The recommended way to run this server is via `uvx`:

```bash
uvx mnemo-mcp@latest
```

> Alternatively, you can use `pipx run mnemo-mcp`.

### Option 1: uvx (Recommended)

```jsonc
{
  "mcpServers": {
    "mnemo": {
      "command": "uvx",
      "args": ["mnemo-mcp@latest"],
      "env": {
        // -- optional: LiteLLM Proxy (production, selfhosted gateway)
        // "LITELLM_PROXY_URL": "http://10.0.0.20:4000",
        // "LITELLM_PROXY_KEY": "sk-your-virtual-key",
        // -- optional: cloud embedding + reranking (Jina > Gemini > OpenAI > Cohere)
        // -- without this, uses built-in local Qwen3 ONNX models (CPU)
        // -- first run downloads ~570MB model per backend, cached for subsequent runs
        // -- Jina AI recommended: single key for both embedding and reranking
        "API_KEYS": "JINA_AI_API_KEY:jina_...",
        // -- optional: sync memories across machines via rclone
        // -- on first sync, a browser opens for OAuth (auto, no manual setup)
        "SYNC_ENABLED": "true",                    // optional, default: false
        "SYNC_INTERVAL": "300"                     // optional, auto-sync every 5min (0 = manual only)
        // "SYNC_REMOTE": "gdrive",                 // optional, default: gdrive
        // "SYNC_PROVIDER": "drive",                // optional, default: drive (Google Drive)
      }
    }
  }
}
```

### Option 2: Docker

```jsonc
{
  "mcpServers": {
    "mnemo": {
      "command": "docker",
      "args": [
        "run", "-i", "--rm",
        "--name", "mcp-mnemo",
        "-v", "mnemo-data:/data",                  // persists memories across restarts
        "-e", "LITELLM_PROXY_URL",                 // optional: pass-through from env below
        "-e", "LITELLM_PROXY_KEY",                 // optional: pass-through from env below
        "-e", "API_KEYS",                          // optional: pass-through from env below
        "-e", "SYNC_ENABLED",                      // optional: pass-through from env below
        "-e", "SYNC_INTERVAL",                     // optional: pass-through from env below
        "n24q02m/mnemo-mcp:latest"
      ],
      "env": {
        // -- optional: LiteLLM Proxy (production, selfhosted gateway)
        // "LITELLM_PROXY_URL": "http://10.0.0.20:4000",
        // "LITELLM_PROXY_KEY": "sk-your-virtual-key",
        // -- optional: cloud embedding + reranking (Jina > Gemini > OpenAI > Cohere)
        // -- without this, uses built-in local Qwen3 ONNX models (CPU)
        "API_KEYS": "JINA_AI_API_KEY:jina_...",
        // -- optional: sync memories across machines via rclone
        "SYNC_ENABLED": "true",                    // optional, default: false
        "SYNC_INTERVAL": "300"                     // optional, auto-sync every 5min (0 = manual only)
      }
    }
  }
}
```

### Pre-install (optional)

Pre-download dependencies before adding to your MCP client config.

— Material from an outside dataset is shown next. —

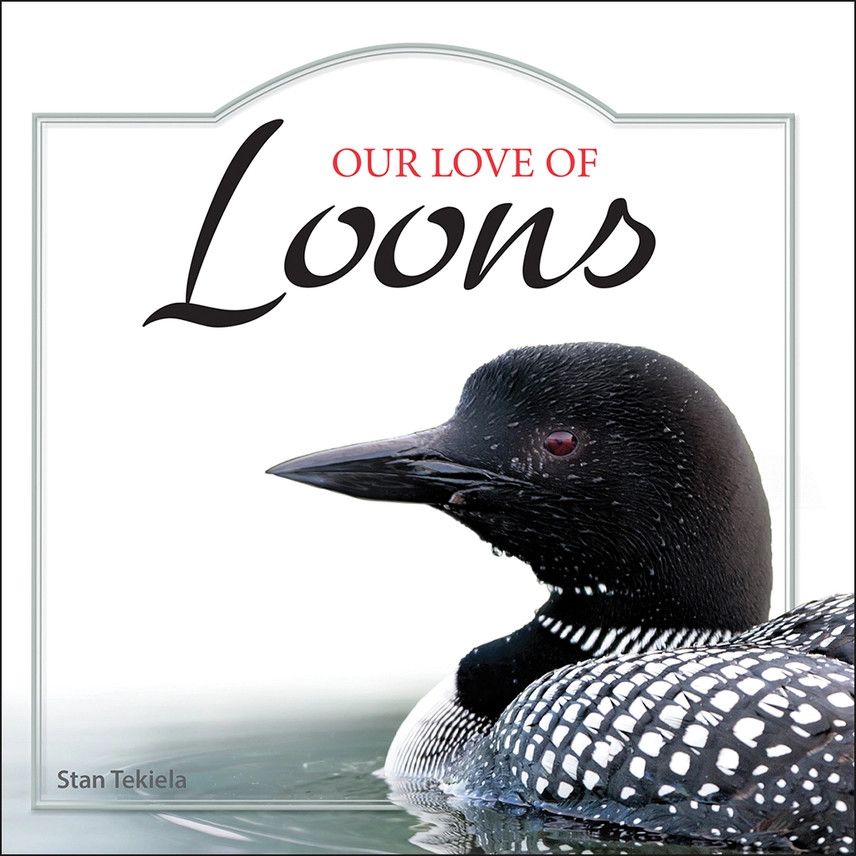 Adventurekeen - Our Love of Loons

This avoids slow first-run startup:

```bash
# Pre-download embedding model (~570MB) and validate API keys
uvx mnemo-mcp warmup

# With cloud embedding (validates API key, skips local download if cloud works)
API_KEYS="JINA_AI_API_KEY:jina_..." uvx mnemo-mcp warmup
```

### Sync setup

Sync is fully automatic. Just set `SYNC_ENABLED=true` and the server handles everything:

1. **First sync**: rclone is auto-downloaded, a browser opens for OAuth authentication
2. **Token saved**: OAuth token is stored locally at `~/.mnemo-mcp/tokens/` (600 permissions)
3. **Subsequent runs**: Token is loaded automatically — no manual steps needed

For non-Google Drive providers, set `SYNC_PROVIDER` and `SYNC_REMOTE`:

```jsonc
{
  "SYNC_ENABLED": "true",
  "SYNC_PROVIDER": "dropbox",        // rclone provider type
  "SYNC_REMOTE": "dropbox"           // rclone remote name
}
```

> **Advanced**: You can also run `uvx mnemo-mcp setup-sync drive` to pre-authenticate before first use, but this is optional.

## Configuration

| Variable | Default | Description |
|----------|---------|-------------|
| `DB_PATH` | `~/.mnemo-mcp/memories.db` | Database location |
| `LITELLM_PROXY_URL` | — | LiteLLM Proxy URL (e.g. `http://10.0.0.20:4000`). Enables proxy mode |
| `LITELLM_PROXY_KEY` | — | LiteLLM Proxy virtual key (e.g. `sk-...`) |
| `API_KEYS` | — | API keys (`ENV:key,ENV:key`). Enables cloud embedding + reranking (SDK mode) |
| `EMBEDDING_BACKEND` | (auto-detect) | `litellm` (cloud API) or `local` (Qwen3). Auto: API_KEYS -> litellm, else local |
| `EMBEDDING_MODEL` | auto-detect | LiteLLM model name (optional) |
| `EMBEDDING_DIMS` | `0` (auto=768) | Embedding dimensions (0 = auto-detect, default 768) |
| `RERANK_ENABLED` | `true` | Enable reranking (improves search precision) |
| `RERANK_BACKEND` | (auto-detect) | `litellm` (cloud) or `local` (Qwen3). Auto: API_KEYS -> litellm, else local |
| `RERANK_MODEL` | auto-detect | LiteLLM reranker model name (optional) |
| `ARCHIVE_ENABLED` | `true` | Enable auto-archiving of old low-importance memories |
| `ARCHIVE_AFTER_DAYS` | `90` | Days before a memory is eligible for auto-archive |
| `ARCHIVE_IMPORTANCE_THRESHOLD` | `0.3` | Memories below this importance score are auto-archived |
| `DEDUP_THRESHOLD` | `0.9` | Similarity threshold to block duplicate memories |
| `DEDUP_WARN_THRESHOLD` | `0.7` | Similarity threshold to warn about similar memories |
| `RECENCY_HALF_LIFE_DAYS` | `7` | Half-life for temporal decay in search scoring |
| `LLM_MODELS` | `gemini/gemini-3-flash-preview` | LLM model for graph extraction, importance scoring, consolidation |
| `SYNC_ENABLED` | `false` | Enable rclone sync |
| `SYNC_PROVIDER` | `drive` | rclone provider type (drive, dropbox, s3, etc.) |
| `SYNC_REMOTE` | `gdrive` | rclone remote name |
| `SYNC_FOLDER` | `mnemo-mcp` | Remote folder |
| `SYNC_INTERVAL` | `300` | Auto-sync seconds (0=manual) |
| `LOG_LEVEL` | `INFO` | Log level |

### Embedding & Reranking (2-Mode Architecture)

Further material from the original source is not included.